37 men and women were asked by researchers to sample penne pasta, snack tomatoes, pesto, oregano and basil as part of a simple Italian-inspired meal. The dinner was labeled as “light” and not meant to fill them full at one point. The same dinner was described as “full” on another occasion.
When a dish was branded “light,” diners tended to eat more of it. In addition, they reported that they had a diminished sense of satiety.
Paige Cunningham, a PhD student in nutrition sciences at Penn State University, co-author of a new research that found that people who had a preconception that the meal they were about to consume was going to be a lot more substantial may eat less of it. That being said, it’s possible that eating more food if you think the meal is light and not nearly as satisfying may be the case.” 18 women and 19 men were enrolled in the study via advertisements and posters, however individuals with specific food habits or health conditions were excluded. Participants’ ages varied from 18 to 65 years.

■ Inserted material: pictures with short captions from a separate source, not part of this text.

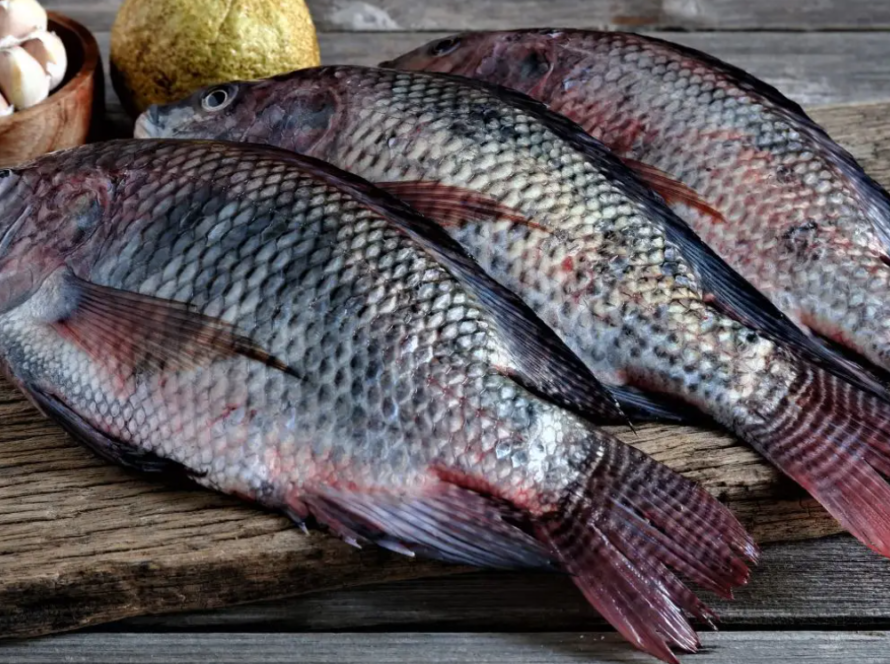 Tilapia Fish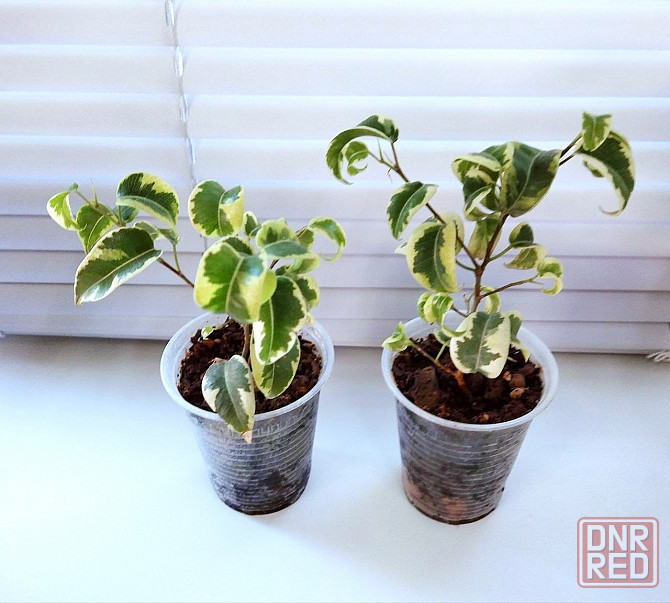 Фикус Ficus benjamina 'Iren' Макеевка - изображение 2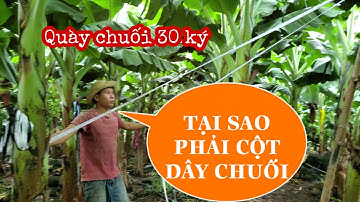 CỘT DÂY CHỐNG ĐỔ, NGÃ CHO CÂY CHUỐI XUẤT KHẨU , CHUỐI CẤY MÔ | Chủ Lâm TV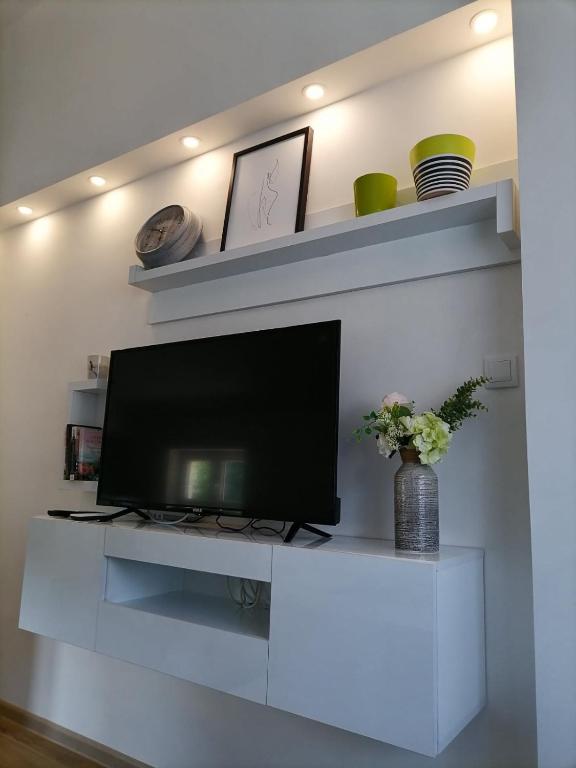 TV a/nebo společenská místnost v ubytování Drobnjak apartments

Following the meal, the participants were quizzed on a variety of topics. “How full was this pasta salad?” was one of the questions. and, “How many calories do you believe you ingested today?” “How essential is your health to you?” was another question posed to them.

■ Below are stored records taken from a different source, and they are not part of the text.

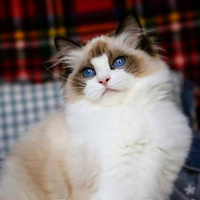 Ragdoll pura razza adulto con pedigree e castrato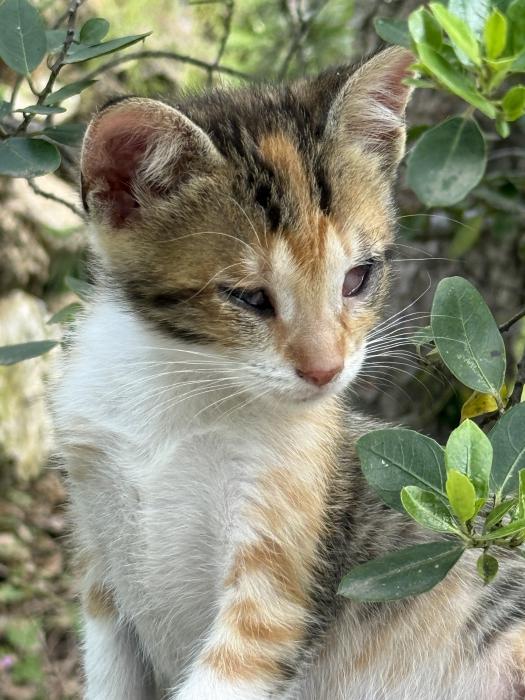 Pirueta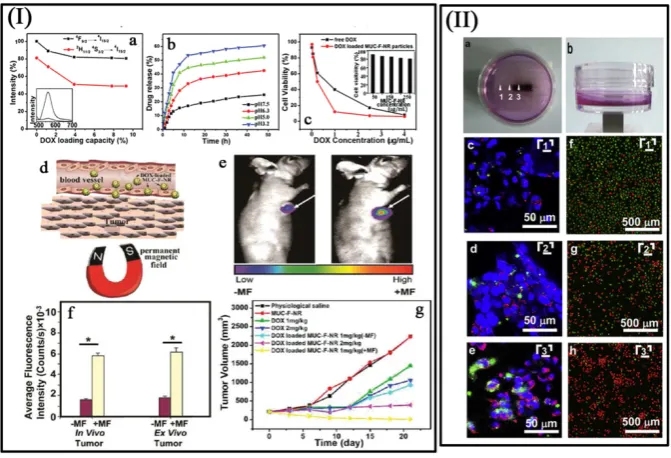 Figure 11. (I a) Integrated green and red UC emission intensity as a function of the DOX loading capacity; inset is the fluorescence spectra of free DOX a magnet placed under the center of the dish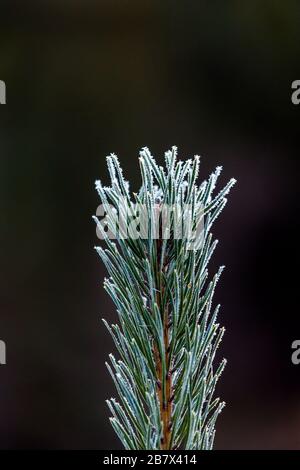 Cristalli di ghiaccio sulla punta crescente di un abete Foto Stock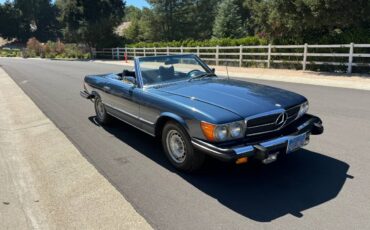 Mercedes-benz-450sl-1974-15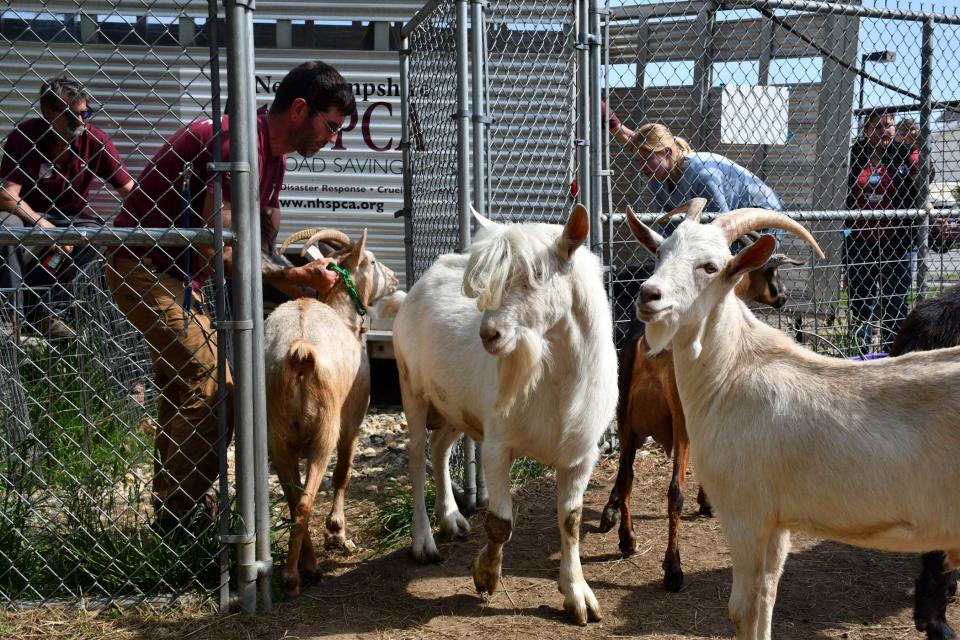 The New Hampshire SPCA removed 54 goats from a Lee farm that were living in "extremely unhealthy conditions."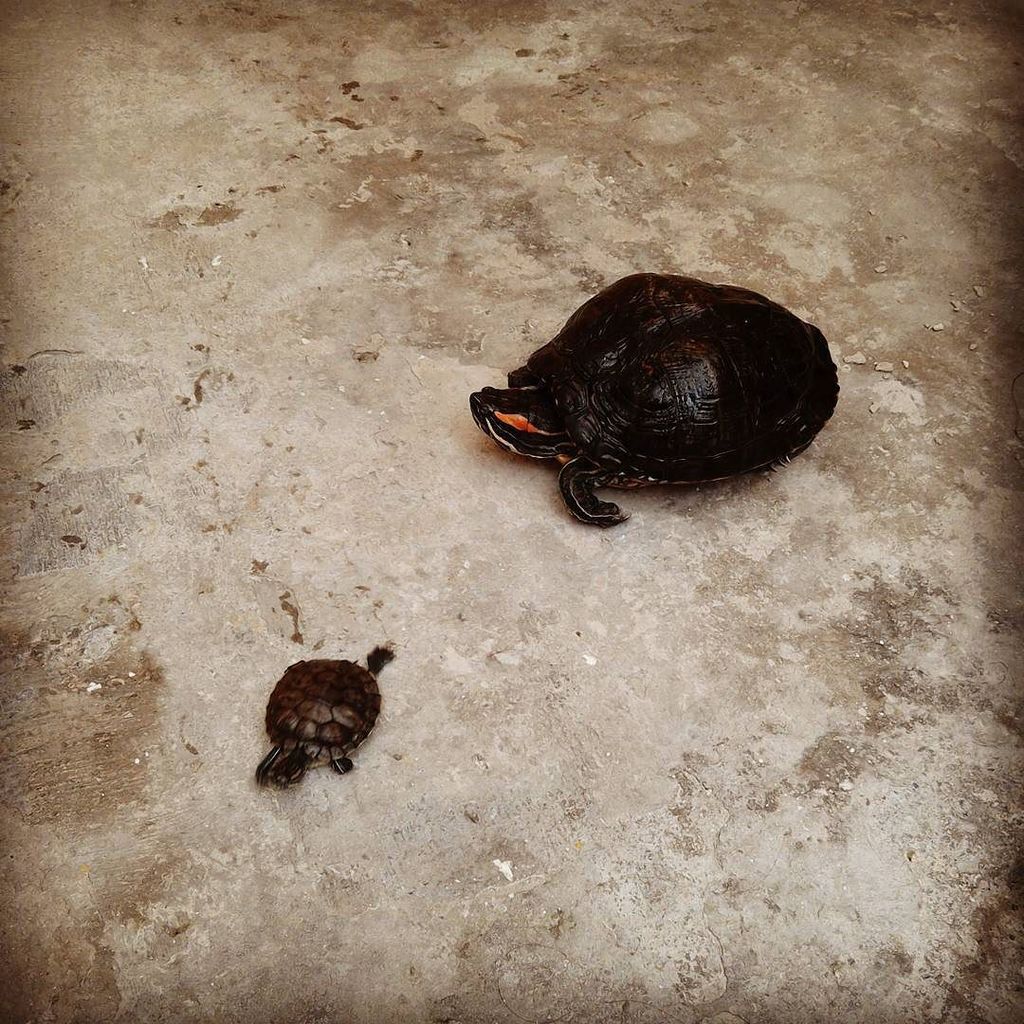 arturo_urp's tweet photo. Hoy, y por un periodo de tiempo mediano, tenemos visitas 🐢🐢 #Turttle #Turttles #Tortugas #… https://t.co/hMNgbgZOnm https://t.co/bnNvhzydB4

The identical experiment was carried out again by Dutch researchers at Maastricht University. This research may or may not be applicable to other areas, but Cunningham said it was fascinating nevertheless.

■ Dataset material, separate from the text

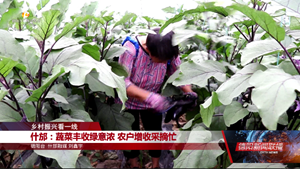 乡村振兴看一线：什邡、绵竹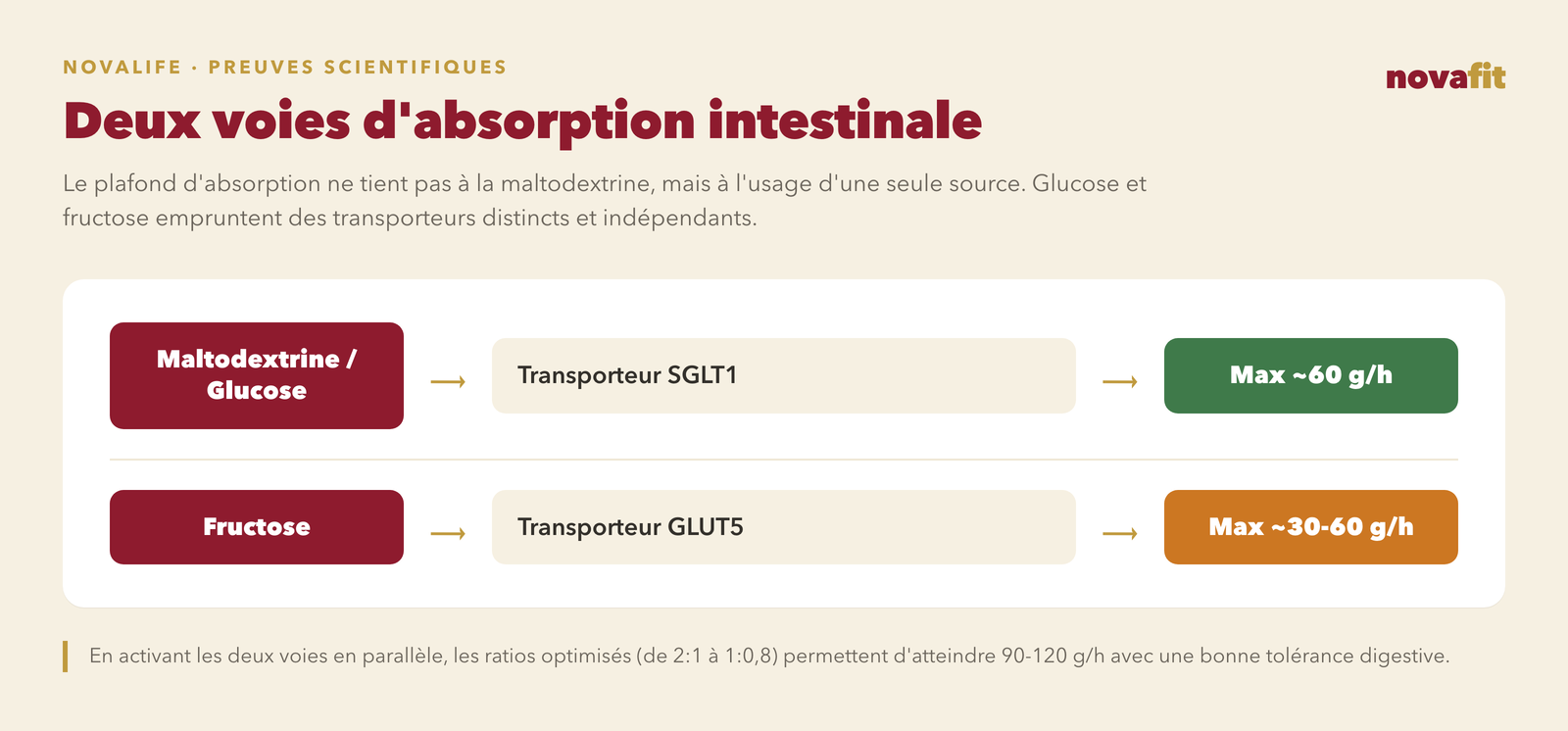 Voies d'absorption intestinale duale : la maltodextrine et le glucose empruntent le transporteur SGLT1 jusqu'à un maximum d'environ 60 g/h, tandis que le fructose utilise en parallèle le transporteur GLUT5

In vulnerable groups, such as the elderly, “this impact might be harnessed to enhance intake,” she added.
To counter this, Cunningham said,
“maybe it requires prudence in the use of labels that imply the satiating effect of food.”
Products marketed as “light” or “weight-loss” may actually cause people to eat more. Appetite, a peer-reviewed magazine, will publish the results in its January 15th issue.
Cunningham advised against relying on the wording of food labels to gauge a product’s ability to satisfy one’s hunger.
Even if a food label claims it’s healthy, Cunningham advises that you should always pay attention to the quantity you’re eating, as well as the amount of calories and other nutrients it contains. Ensure that you are aware of this.”
According to Connie Diekman, a St. Louis-based food and nutrition expert, food labels may assist customers in making decisions that are best suited to the nutritional requirements of themselves and their families.